A quelque distance devant eux sur la route, un peu en retrait de celle-ci,
les deux jeunes gens purent distinguer une grande maison en bois, entourée d’un jardin clôturé par une palissade. Une petite grange se dressait derrière la maison.
« C’est sûrement ici » fit remarquer Joe en s’approchant de la bâtisse. L’instant d’après, il s’écria de toutes ses forces :
« Regarde, Frank : on a mis le feu à la grange ! »
En effet, un gros panache de fumée s’éleva d’une des fenêtres du premier étage, suivi aussitôt d’un épais nuage noir et d’une lueur de flamme rouge.
Toujours au volant de sa voiture, Frank franchit la grille du jardin et s’arrêta devant la maison. Joe sauta vivement à terre, gravit en courant
les marches du perron et cogna sur la porte d’entrée à coups redoublés. Ne recevant pas de réponse, il essaya de tourner le bouton de la porte.
« Rien à faire, c’est fermé ! hurla-t-il à son frère. Va vite prévenir
les pompiers, Frank ! »
D’un habile coup de volant, l’interpellé fit demi-tour et roula en direction de la route. Joe sauta au bas du perron et courut vers la grange. Pendant ce temps, de plus en plus de fumée s’échappait des fenêtres de l’étage cependant que
les flammes détruisaient le toit en galets du pays.
La première pensée de Joe fut pour un animal domestique qui serait resté piégé dans la maison. Il essaya de pénétrer à l’intérieur, hélas ! toutes
les portes étaient cadenassées et fermées à double tour.
Le garçon fit en courant le tour de la bâtisse jusqu’à ce qu’il trouvât une petite porte latérale. Avisant une fenêtre, il se hâta vers celle-ci. Un coup d’œil jeté à travers l’une des vitres poussiéreuses révéla la présence de deux stalles vides.

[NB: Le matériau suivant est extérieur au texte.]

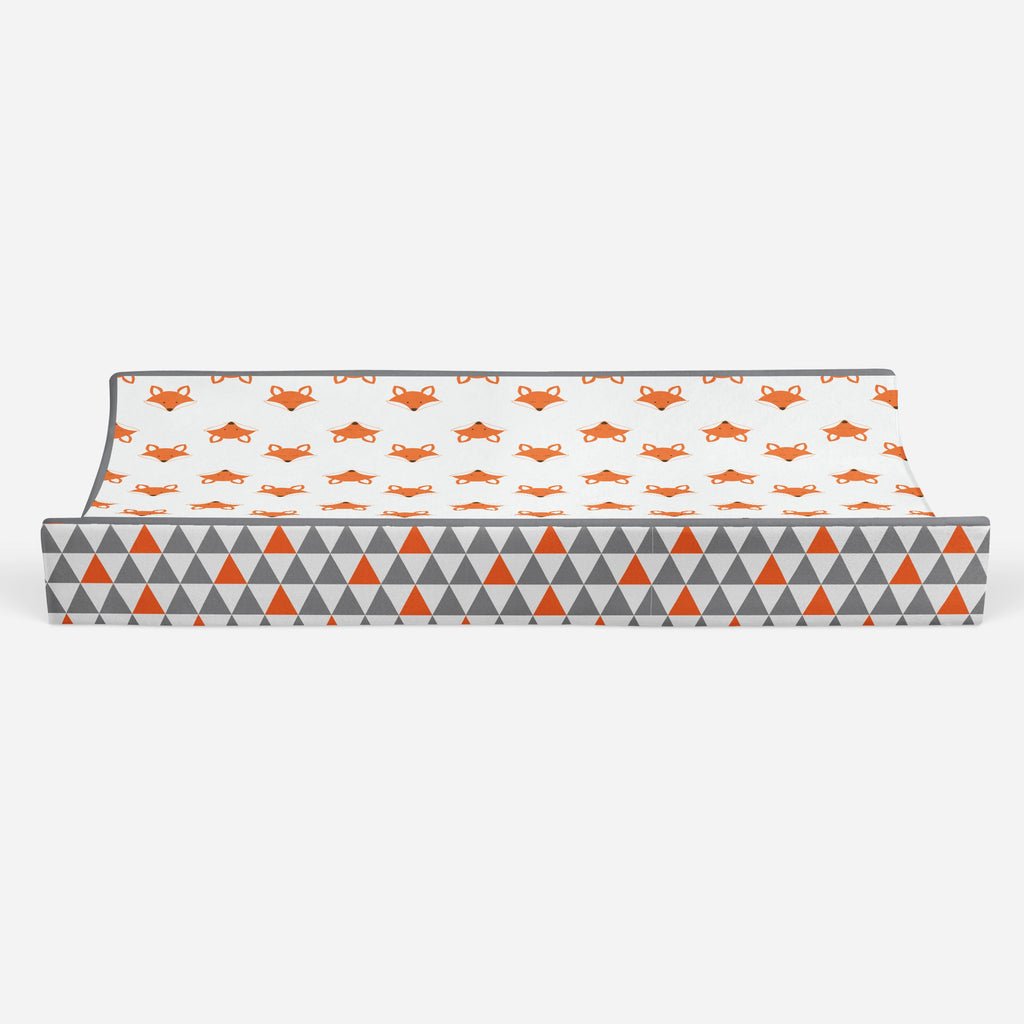 Playful Fox Orange/Grey Neutral Quilted Changing Pad Cover - Bacati - Changing pad cover - Bacati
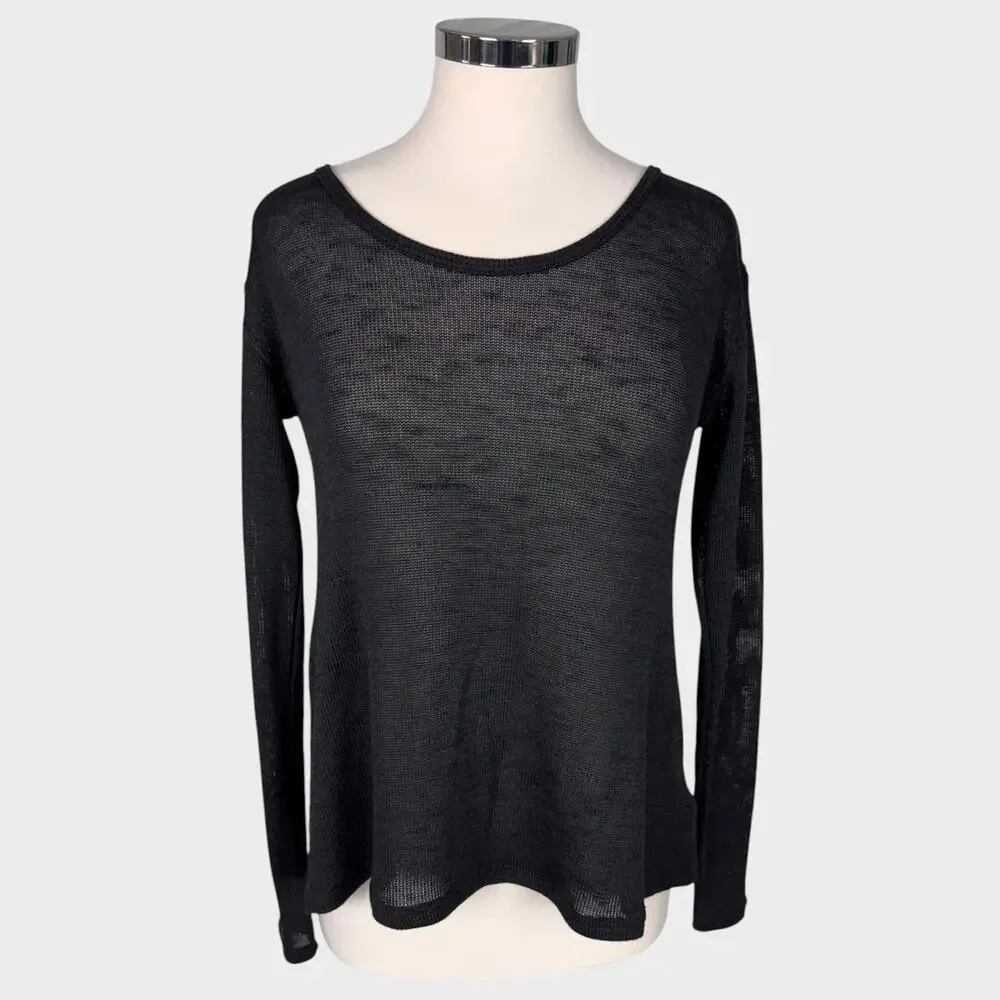 Aeropostale Small Polyester Rayon Spandex Thin Black Sweater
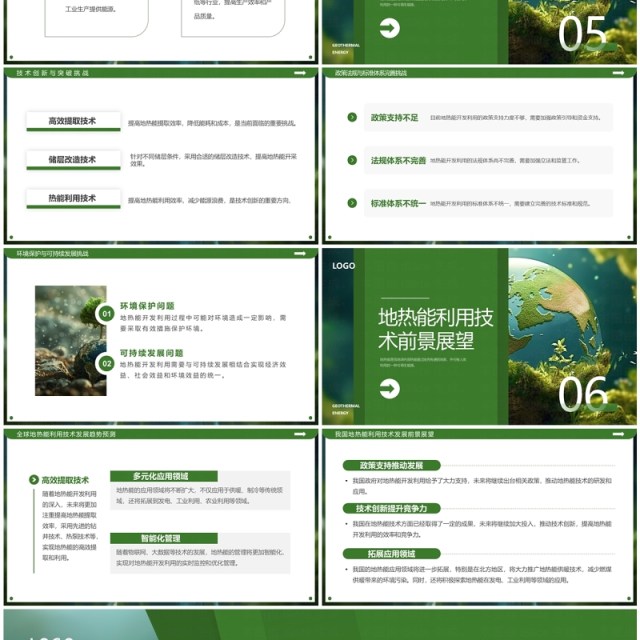 绿色简约风地热能利用技术研究与应用PPT模板 绿色简约风地热能利用技术研究与应用PPT模板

Des langues de flammes furieuses et des masses de fumée nauséabonde bondissaient du plancher de la grange. Et, non loin de là, un gros carton était posé !
« Il est sûrement à tante Gertrude ! se dit Joe. Il faut absolument que je le récupère ! »
La fenêtre était si étroite que Joe ne tenta même pas de se faufiler au-travers. Il se dirigea de nouveau vers la porte de côté qu’il essaya de défoncer d’un coup d’épaule. L’huis gémit un peu sans céder.
Le jeune garçon regarda autour de lui et, soudain, son regard fut attiré par un tas de bois s’élevant à l’arrière de la maison. Une hache gisait à côté. Sans perdre une seconde, il traversa la cour de toute la vitesse de ses jambes, saisit la hache et retourna à la grange au pas de course.